Kegelisahan saya atas netralitas sekolah saat ini bukan tanpa alasan. Seiring dengan perkembangan pendidikan saat ini saya melihat banyak perubahan yang terjadi. Belakangan, saya melihat bahwa tren kegiatan belajar mengajar berbasis agama tertentu mulai menjadi tren (perkecualian untuk sekolah-sekolah swasta yang memang berbasis keagamaan, dominasi pendidikan agama yang diajarkan memang sudah selayaknya dapat dipahami tapi harus tetap dalam kaidah yang benar dan tidak mengajarkan kebencian). Tidak masalah memang jika pendidikan tersebut benar-benar berbasis agama yang juga mengajarkan untuk menghargai orang lain yang mungkin memiliki perbedaan agama.

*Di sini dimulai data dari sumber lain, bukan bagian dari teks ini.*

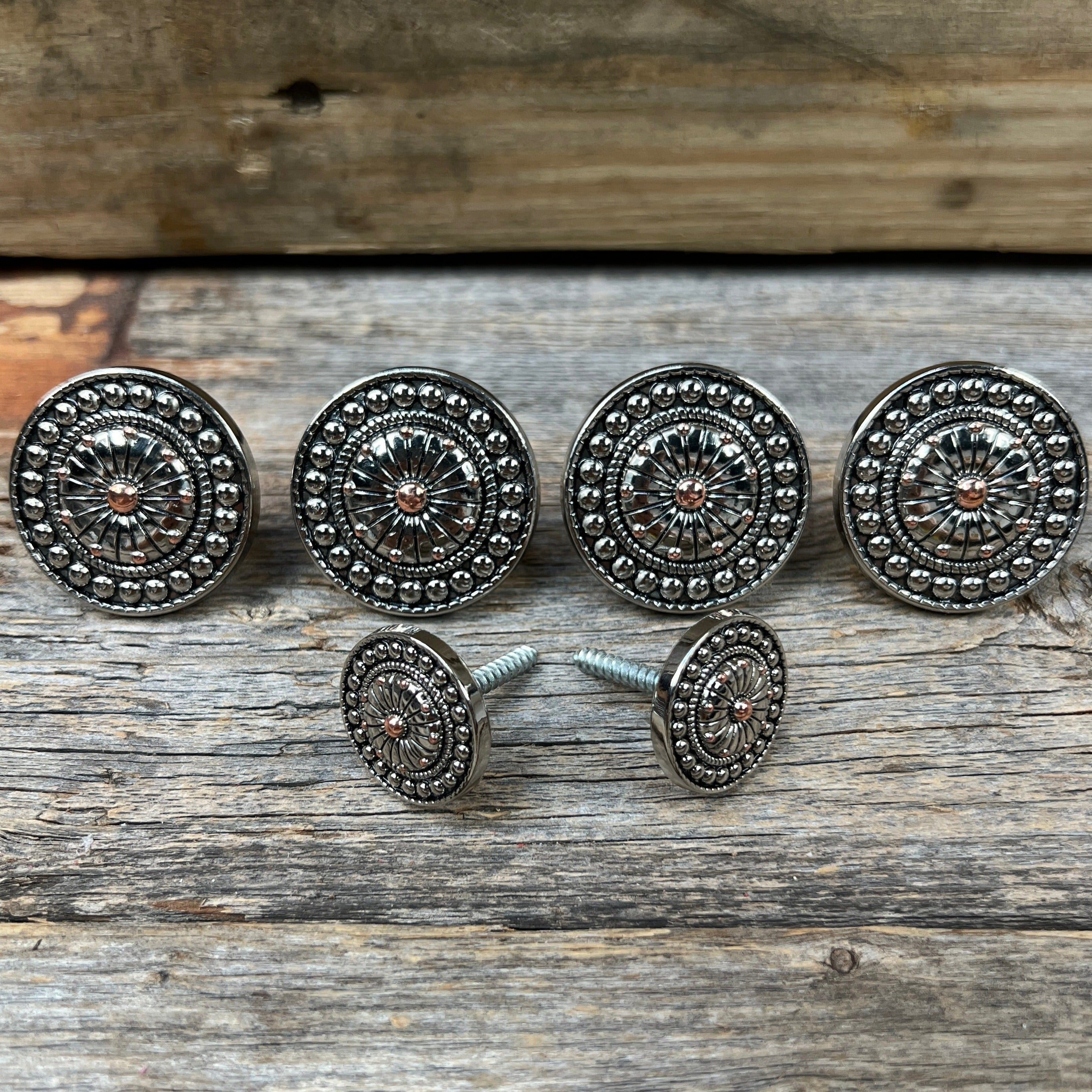 Antique Silver Flower and Dots Saddle Set SSW230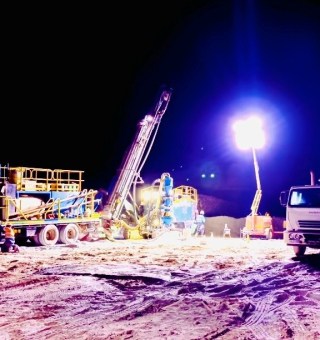 Nightshift-Grade-control-2-rigs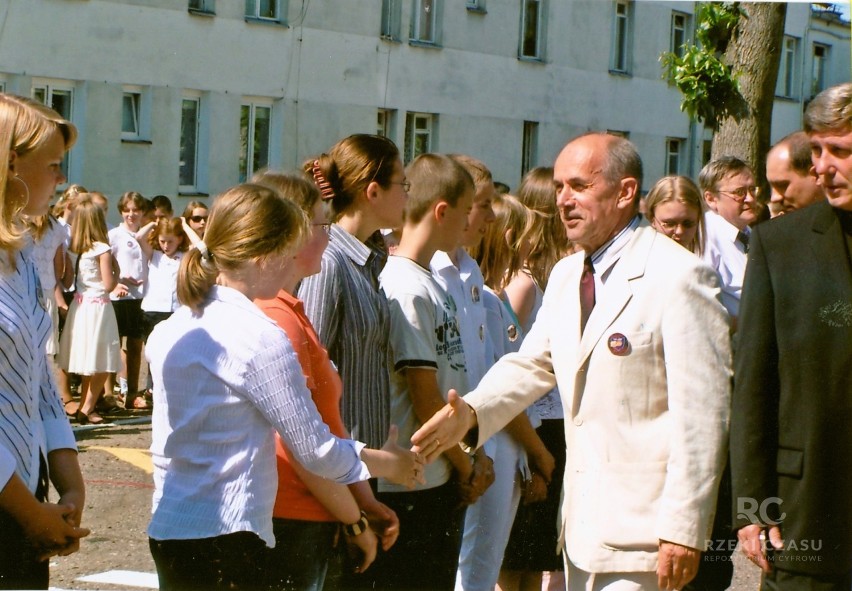 Kronika Szkoły Podstawowej nr 3 w Obornikach w latach 1981-2012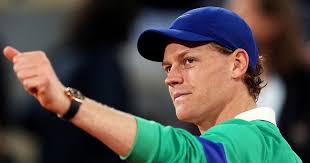 A világelső Jannik Sinner szerint különleges meccs lesz a címvédő Carlos  Alcaraz elleni Roland Garros-döntő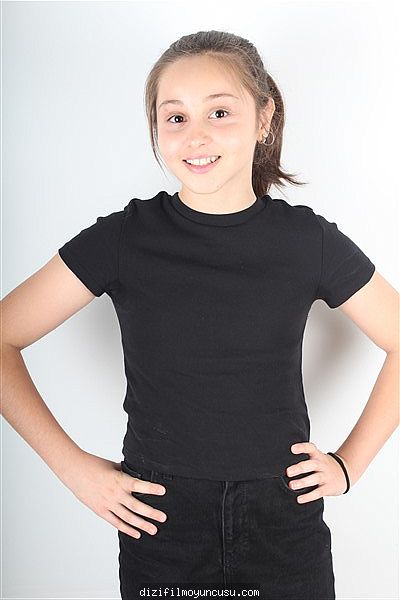 Çocuk Oyuncular Adayımız Hande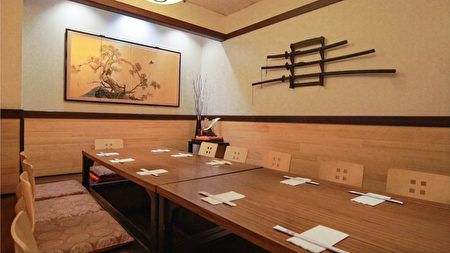 牆上有木框畫和武士刀。（Azuma提供）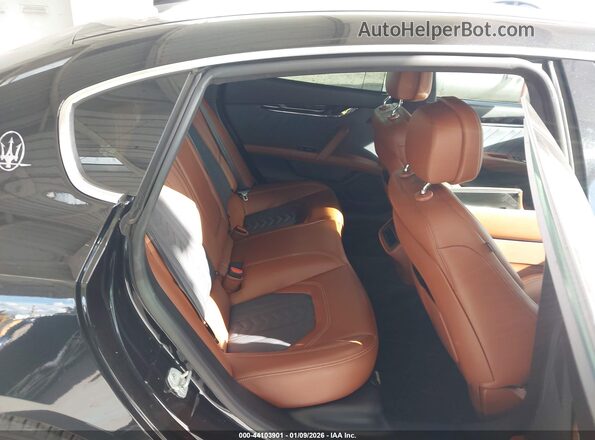ZAM56RPL3H1224020 2017 MASERATI QUATTROPOR Черный Вид наклейки с VIN-кодом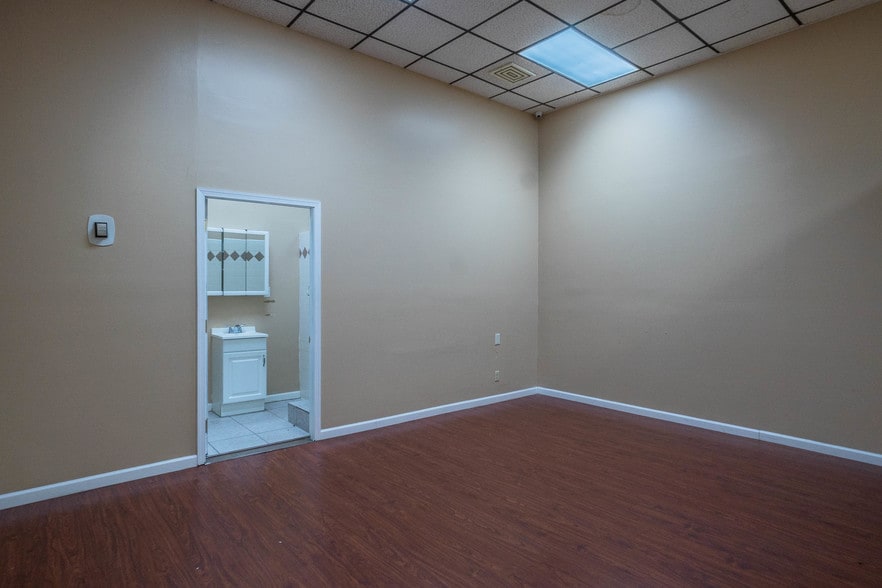 More Photos Of 321 N Stanton St, El Paso Loft Creative Space For Sale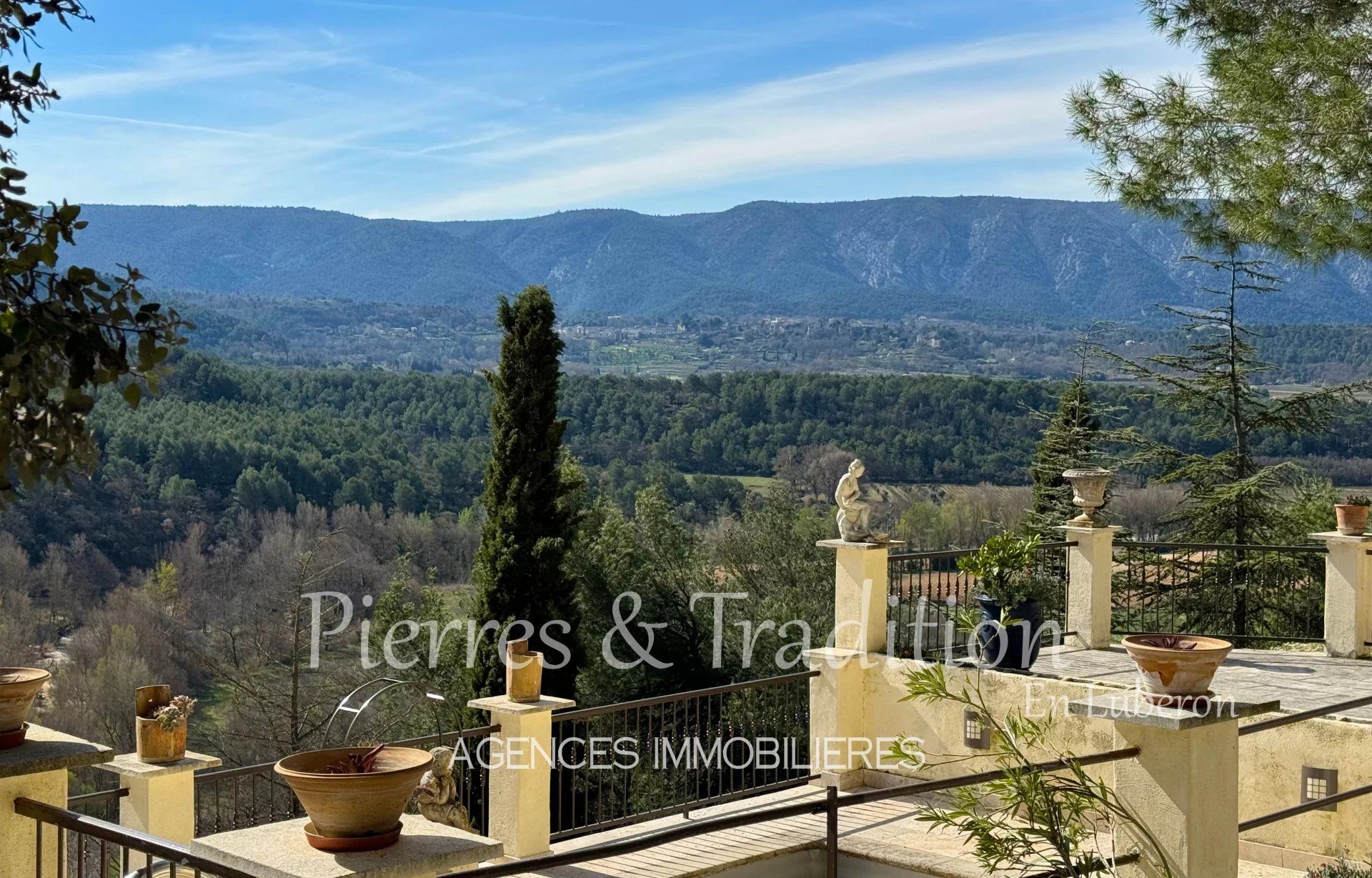 Huis in Goult, Provence-Alpes-Côte d'Azur 12628894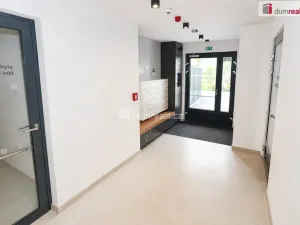 Pronájem bytu 1+kk, Praha - Modřany, Kolmanova, 37 m2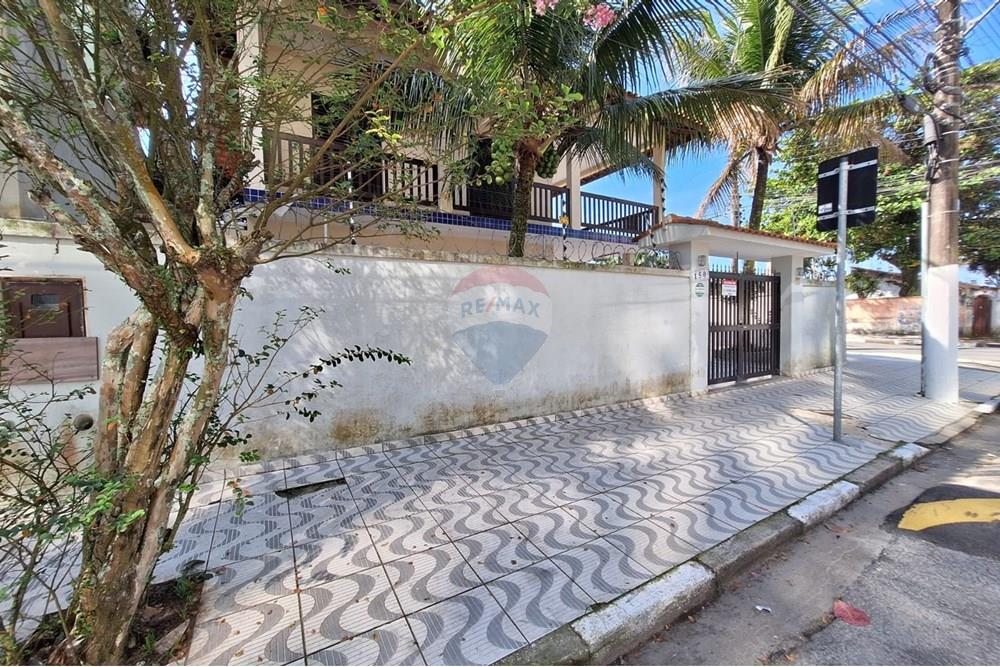 Sobrado - Venda - Bertioga , São Paulo - sobrado-a-venda-no-centro-de-bertioga-com-3-quartos-e-1-suites-50m-da-praia-remax-.690341014-14-corretora-paula-jacometti-foto1. - Fachada - 690341014-14
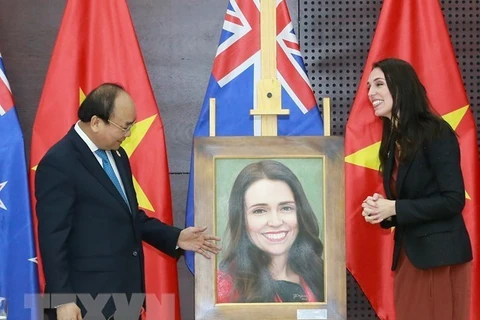 Премьер-министр Нгуен Суан Фук (слева) и его новозеландская коллега Джасинда Ардерн (Фото: ВИА)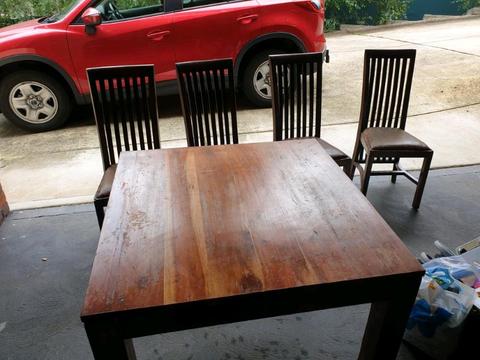 5 Piece Dining setting, Table and Chairs
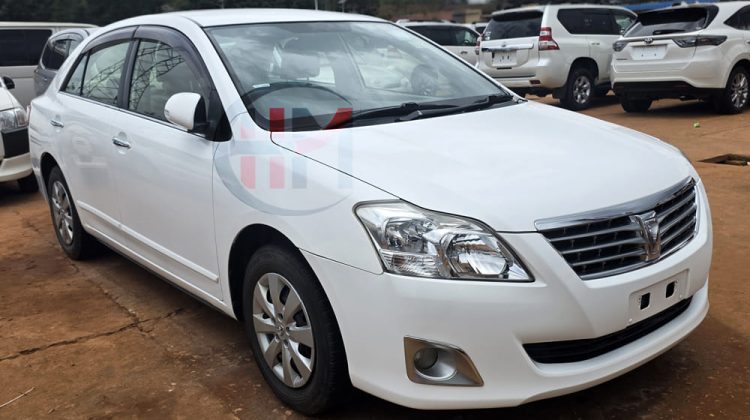 2012 TOYOTA PREMIO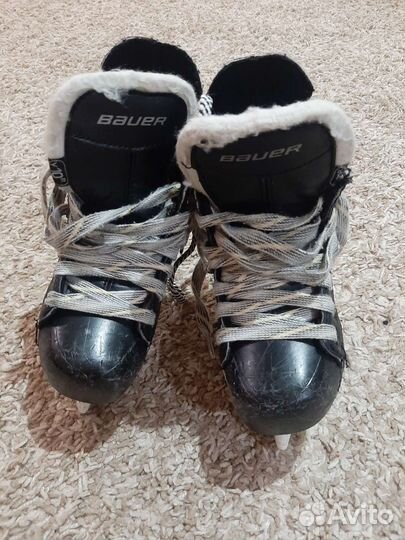 Хоккейные коньки bauer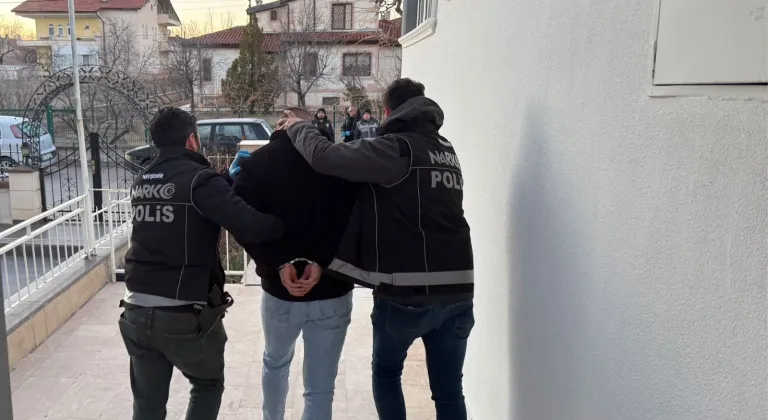Nevşehir'de uyuşturucu operasyonunda yakalanan 5 zanlıdan 4'ü tutuklandı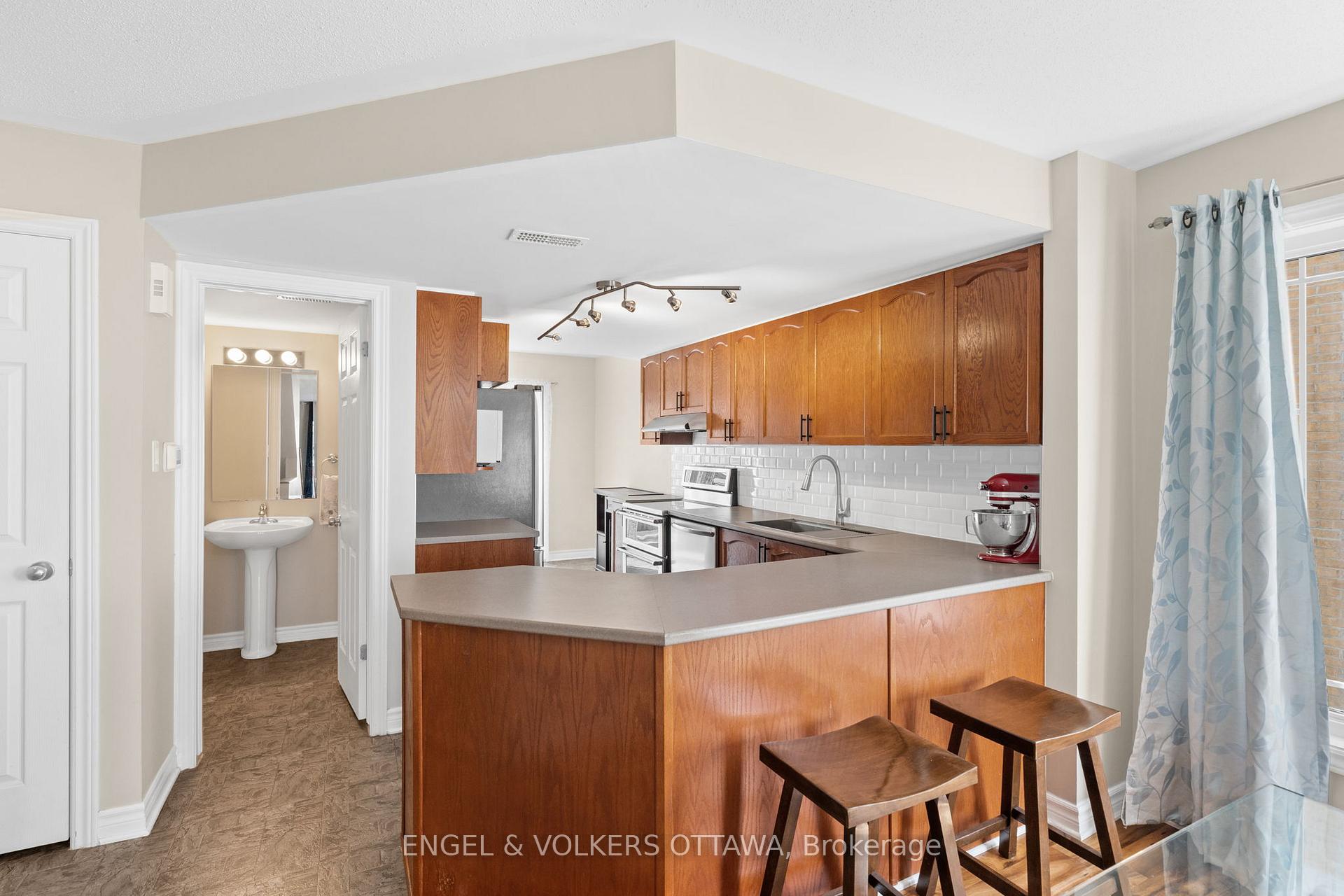 Photo 14 of 262 Paseo Private, Ottawa, Centrepointe — HOMEH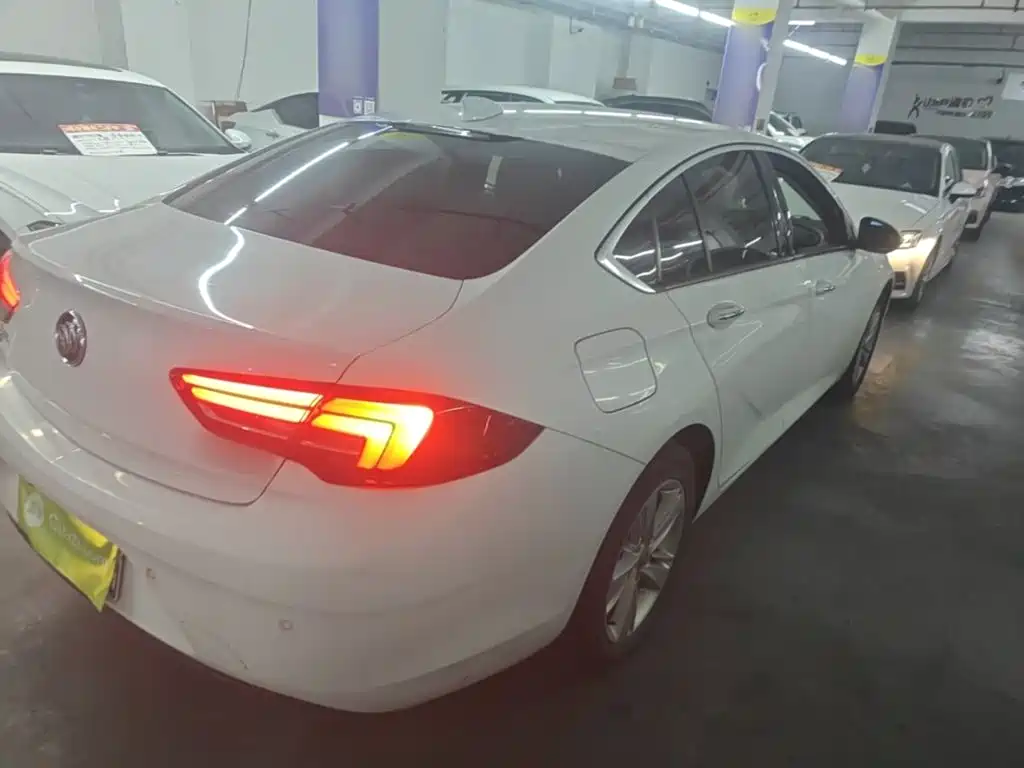 Buick Regal — миниатюра 7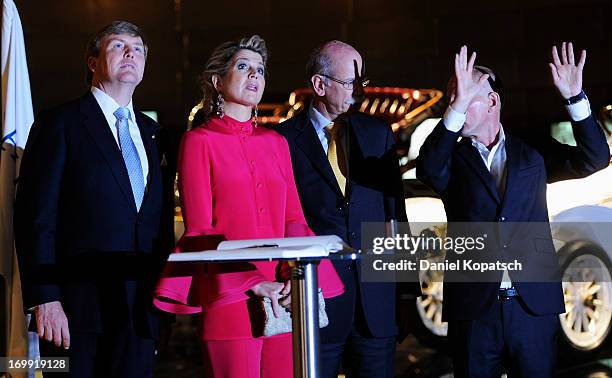 King Willem-Alexander of The Netherlands , Queen Maxima, CEO of Daimler AG, Dieter Zetsche and Fritz Kuhn, major of Stuttgart react during a visit in...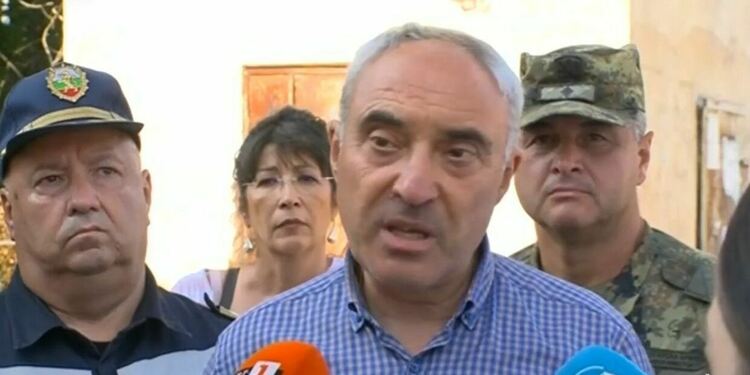 Осигуряват допълнително техника и 200 тона вода за бедстващите села в Карловско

Berbagai jenjang pendidikan sejak pra-TK hingga perguruan tinggi sarat dengan isu-isu keagamaan yang bervariasi. Saya mendengar cerita dari ayah yang di awal tadi saya ceritakan bahwa di salah satu sekolah pra-TK salah satu materi permainan "bermain dan berkumpulnya" adalah mengidentifikasi teman-temannya. Awalnya, siswa diminta untuk berkumpul sesuai dengan jenis kelaminnya, menurut jenis rambut (lurus atau ikal), dan berujung dengan sesuai agama. Tidak salah untuk mengajarkan anak berbagai agama yang ada di Indonesia, tapi kemudian berlebihan menurut saya jika berkumpul dengan teman-teman yang seagama "saja" sebagai salah satu pijakan dalam mengidentifikasi orang lain. Sekolah dalam level dini seolah menjadi kontestasi ideologi agama bagi seorang balita.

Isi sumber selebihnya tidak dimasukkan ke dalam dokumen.